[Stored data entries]
•••••

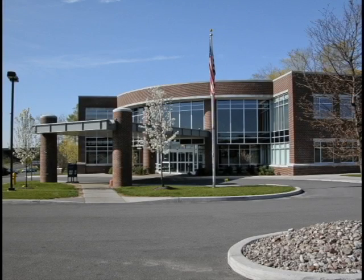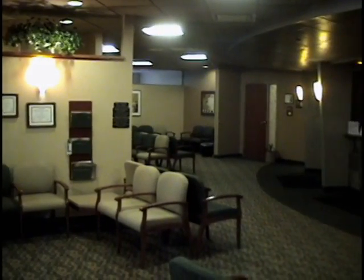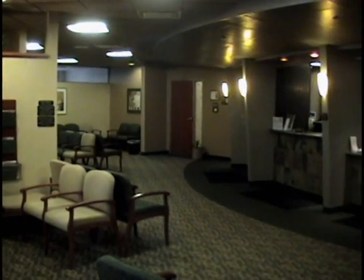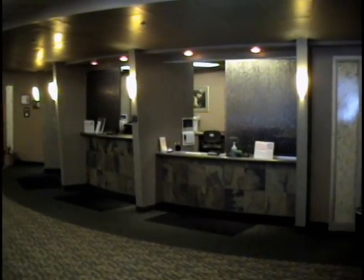Hello and welcome to UCVA. This video clip will provide you with information on a stress echocardiogram, also referred to as a stress echo.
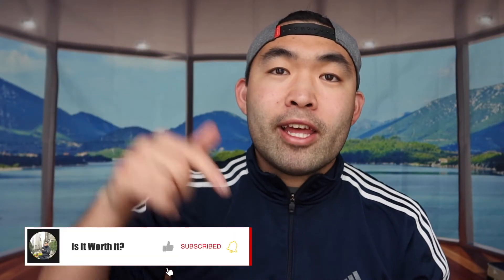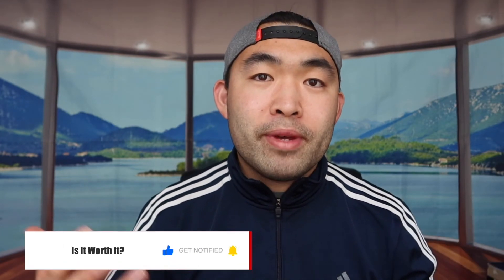That's basically everything for this video. If you liked it, make sure to smash the like button — it helps with the algorithm and promotes more videos. As always, stay positive, be you, and I'll see you guys in the next episode of 'Is It Worth It?' Peace.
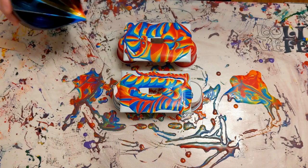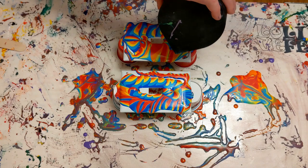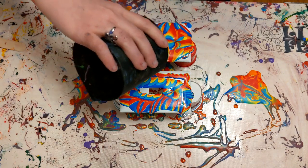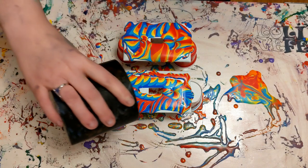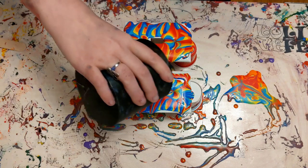I was shocked at how this turned out. I was inspired to do this by another YouTube channel called Mixed Media Girl, and she does pouring on a lot of different household items, like vases, switches, records, just a lot of different things, and I felt very inspired to do that. So that's why I'm doing this today.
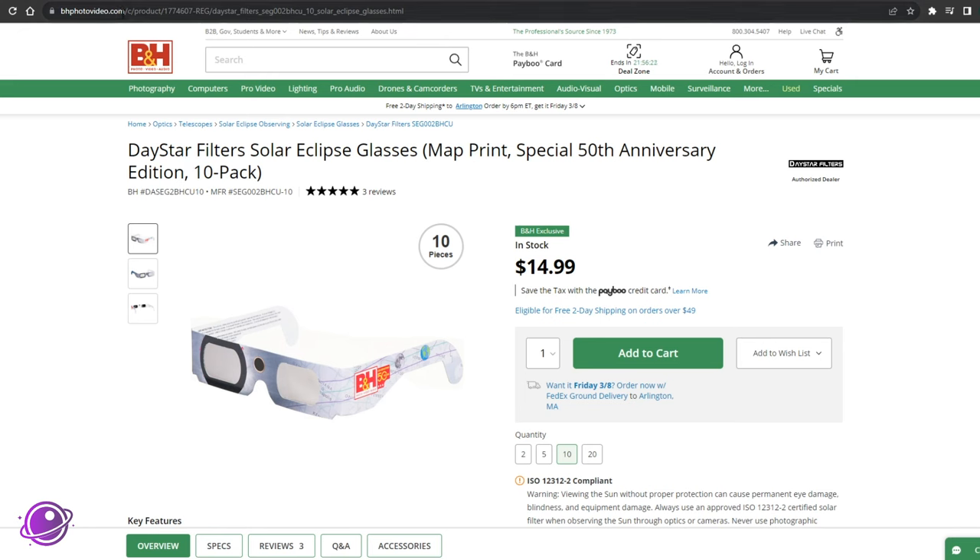You can get these from bhphotovideo.com and they cost $14.99 for a pack of 10 — they were literally $11.99 just a day ago, but as I was finalizing my video they changed the price, so I'm re-recording this. A pack of 20 is $29.99, and unless you spend $49 at the store, expect to pay for shipping.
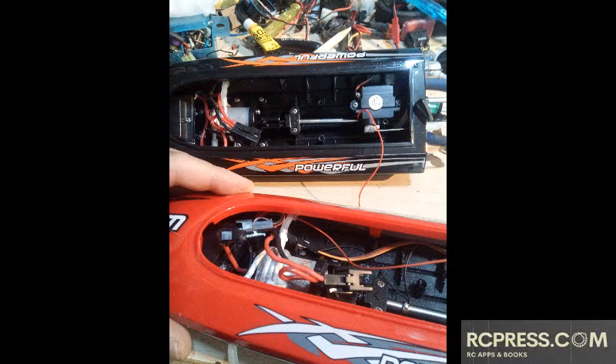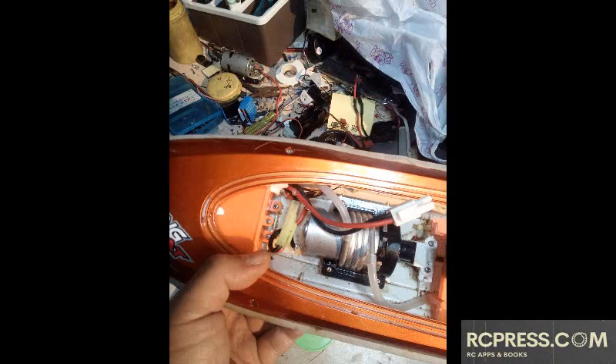Direct drive is the most common drivetrain type for entry-level RC boats. There is no gearbox and the motor drives the propeller directly.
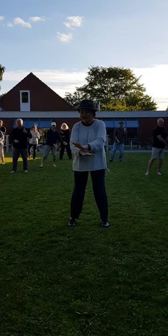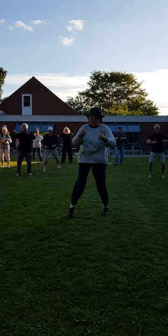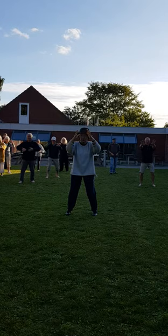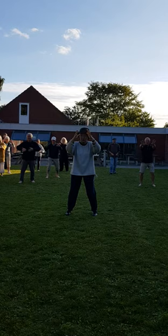Right hand down, left, jump back, open, jump, down, into the left foot, turn, turn.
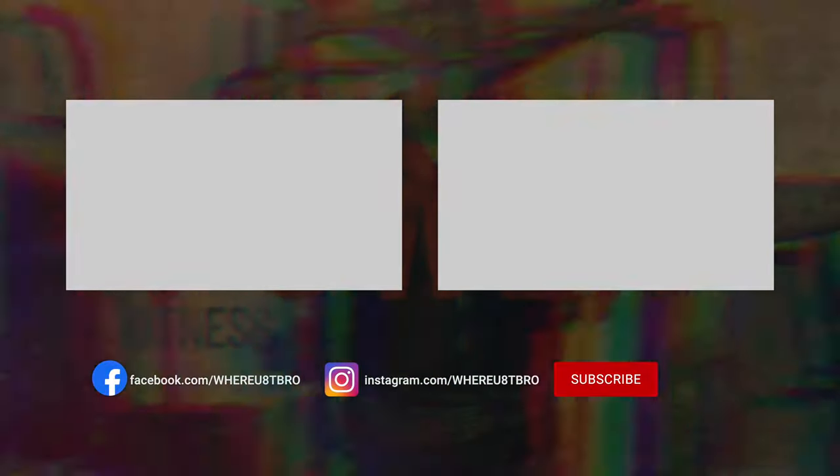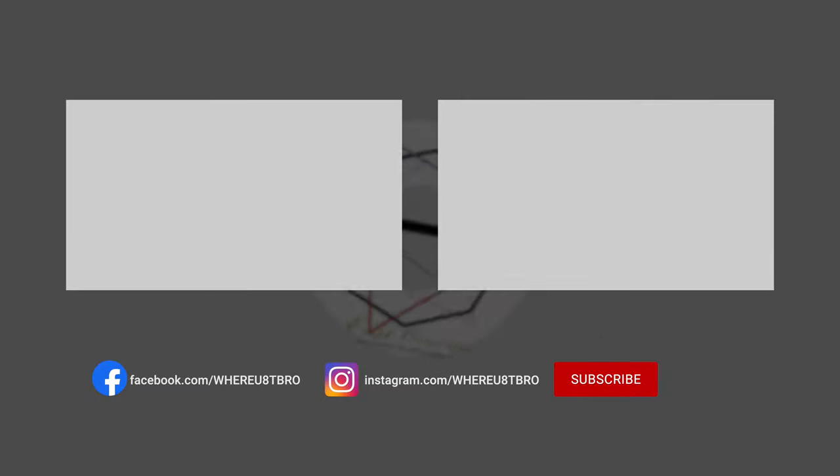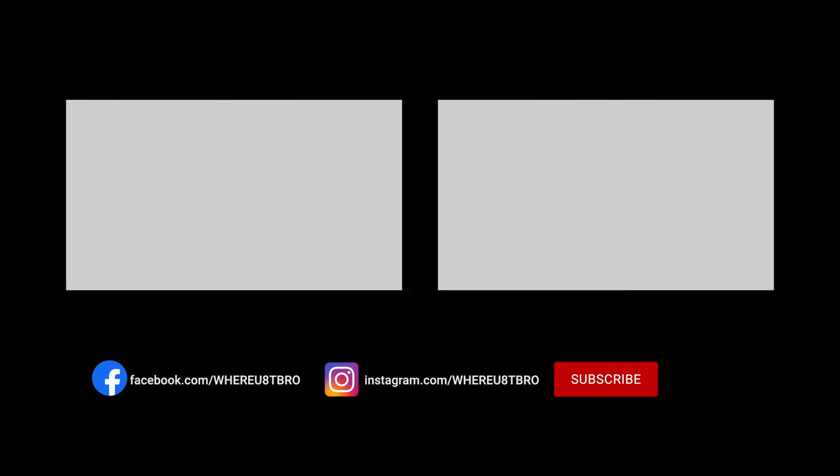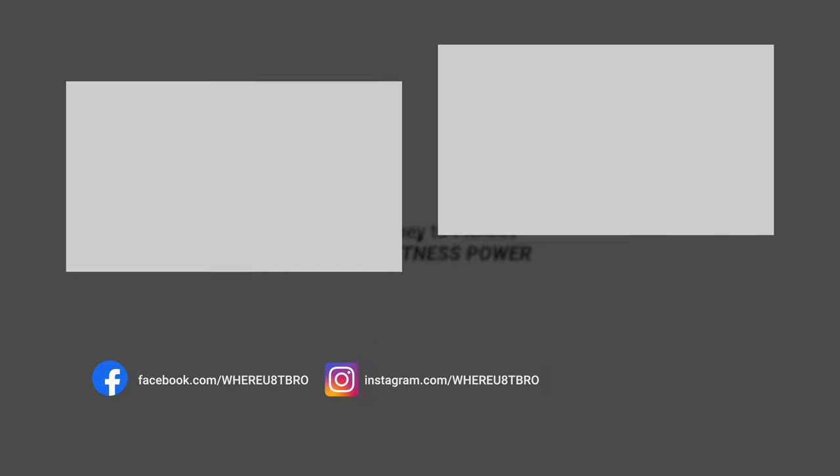Awesome job for completing day three of Kyle Green's bulk and mass program, guys. We just smashed shoulders and arms for the day. If you enjoyed this workout, give me a thumbs up, hit the subscribe button, leave a comment, and share the video with somebody else. As always, this is Where You At Bro signing out — peace, see you in the next workout.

•••••

**ACTIVITY**
What do the entries above read from the line containing "That's basically everything" through the line containing "I was shocked"? Output those lines exactly, both ends included, with the pictures left out.

**TASK SOLUTION**
That's basically everything for this video. If you liked it, make sure to smash the like button — it helps with the algorithm and promotes more videos. As always, stay positive, be you, and I'll see you guys in the next episode of 'Is It Worth It?' Peace.
I was shocked at how this turned out. I was inspired to do this by another YouTube channel called Mixed Media Girl, and she does pouring on a lot of different household items, like vases, switches, records, just a lot of different things, and I felt very inspired to do that. So that's why I'm doing this today.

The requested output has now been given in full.